Now the sentence got omitted...

**


----------



## robdamanii (Feb 13, 2006)

15 feedback, no feedback as a seller, yes, I saw that sentence with the $2500 offer...

Pass. Something's not right.


----------



## terrain (Apr 19, 2009)

Erion929 said:


> Relatively new to cycling, but I assume this is fake / broken / stolen ?
> 
> http://cgi.ebay.com/Pinarello-Dogma...90572640780?pt=Road_Bikes&hash=item43a77aa20c
> 
> ...


No problem as long as you are local and can cash and carry.....if not it appears to be a pass.


----------



## Cinelli 82220 (Dec 2, 2010)

Sellers who want to bypass auctions are usually scammers.


----------



## BrianVarick (Apr 13, 2010)

^Not always, the ebay bill for something like that would definitely be in the $100's so I would love to deal outside of ebay as well.


----------



## rhauft (Aug 8, 2006)

Cinelli 82220 said:


> Sellers who want to bypass auctions are usually scammers.


eBay fees have gotten way out of hand in the last few years, especially on big ticket items over $1K. I've been buying and selling on ebay since 1998. On big ticket items I sometimes try to complete the transaction off site in order to save fees. Only as long as I have faith in the client and visa versa.


----------



## Cinelli 82220 (Dec 2, 2010)

*Interesting*

How do you protect yourself against fraud? Do you use Paypal or an escrow service?

Just wondering because I have a ton of stuff I'd like to get rid of on EBay.


----------



## rhauft (Aug 8, 2006)

Cinelli 82220 said:


> How do you protect yourself against fraud? Do you use Paypal or an escrow service?
> Just wondering because I have a ton of stuff I'd like to get rid of on EBay.


Always use paypal to finalize. It offers more protection than eBay. When a bidder tries to low-ball me, I usually counter offer with an "off line" price. You can then send him a direct invoice from PayPal.


----------



## erj549 (Jul 26, 2008)

Cinelli 82220 said:


> How do you protect yourself against fraud?

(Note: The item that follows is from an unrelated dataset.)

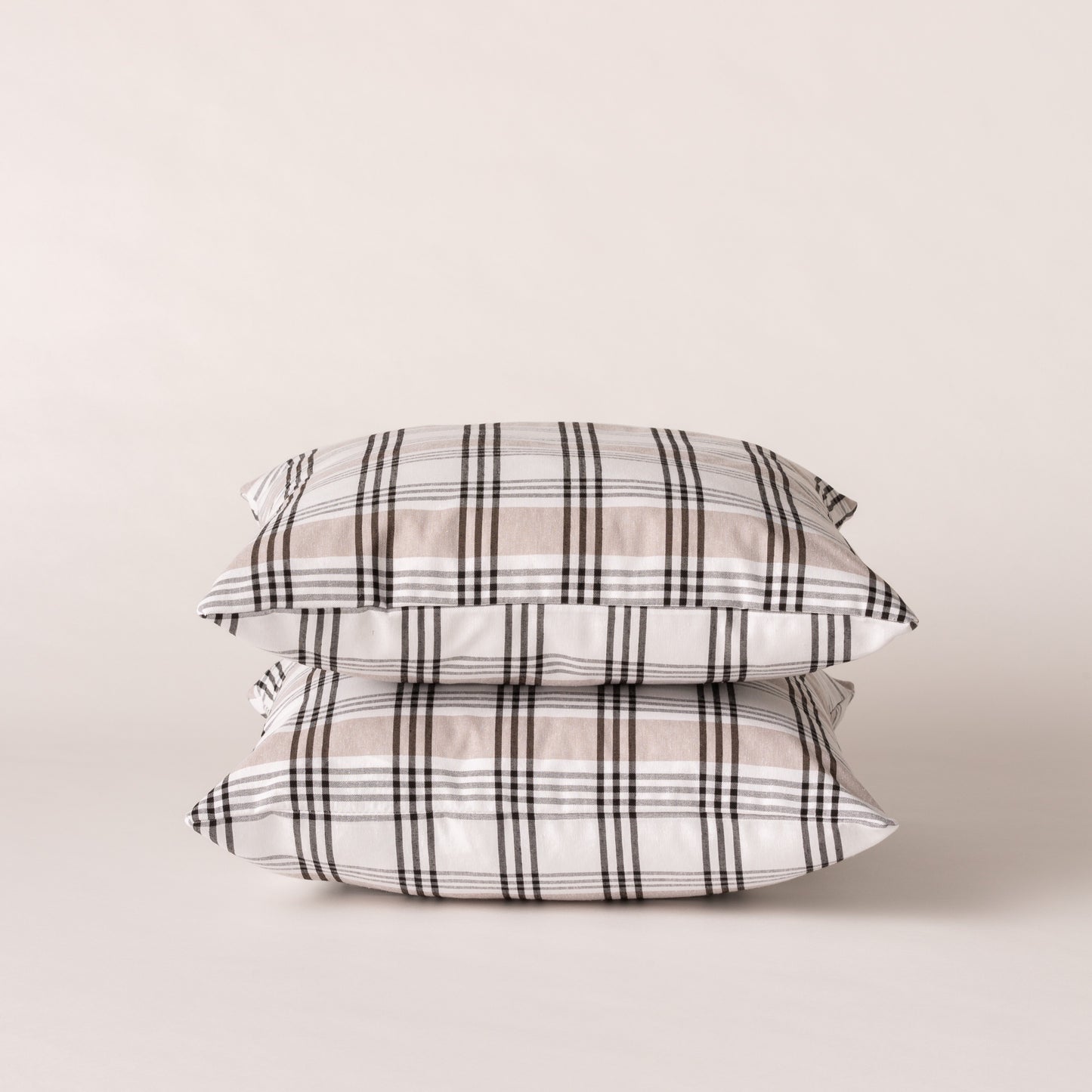 LOT DE 2 HOUSSES DE COUSSIN À CARREAUX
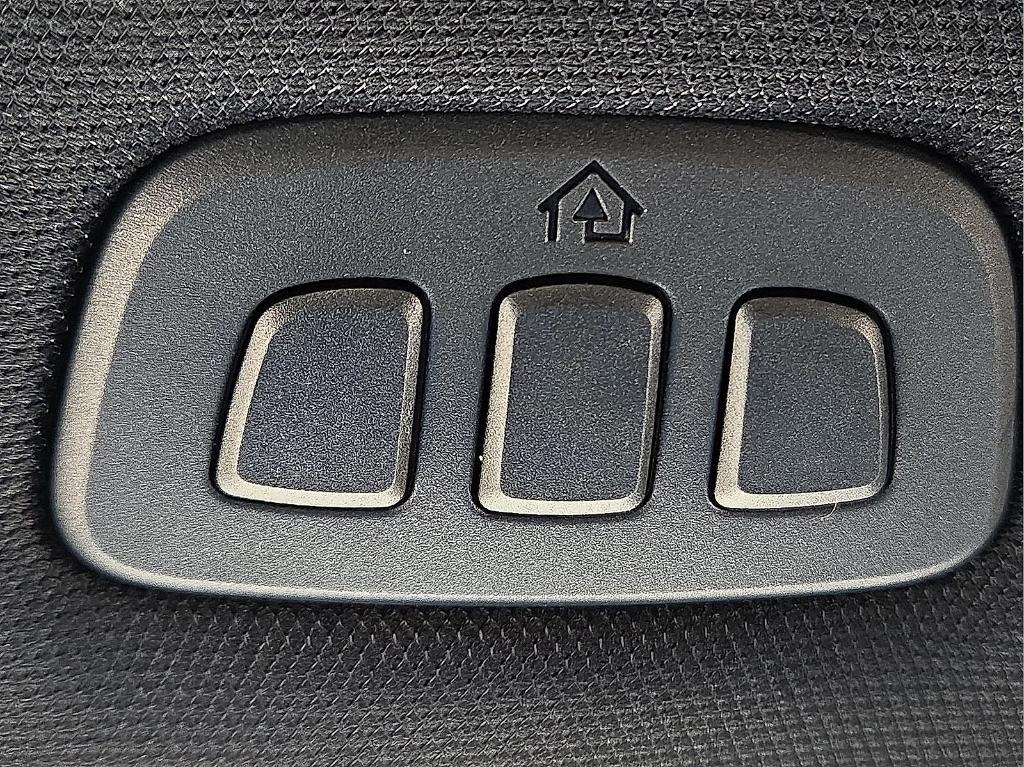 new 2025 Lincoln Navigator car, priced at $93,525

Do you use Paypal or an escrow service?
> 
> Just wondering because I have a ton of stuff I'd like to get rid of on EBay.


*Always* insure your stuff and get tracking on it when you ship something.


----------



## bikerjulio (Jan 19, 2010)

"listing removed". usual action taken if eBay suspects fraud.


----------



## netman68 (Jun 8, 2011)

it seems like fraud better to just goto a lbs


----------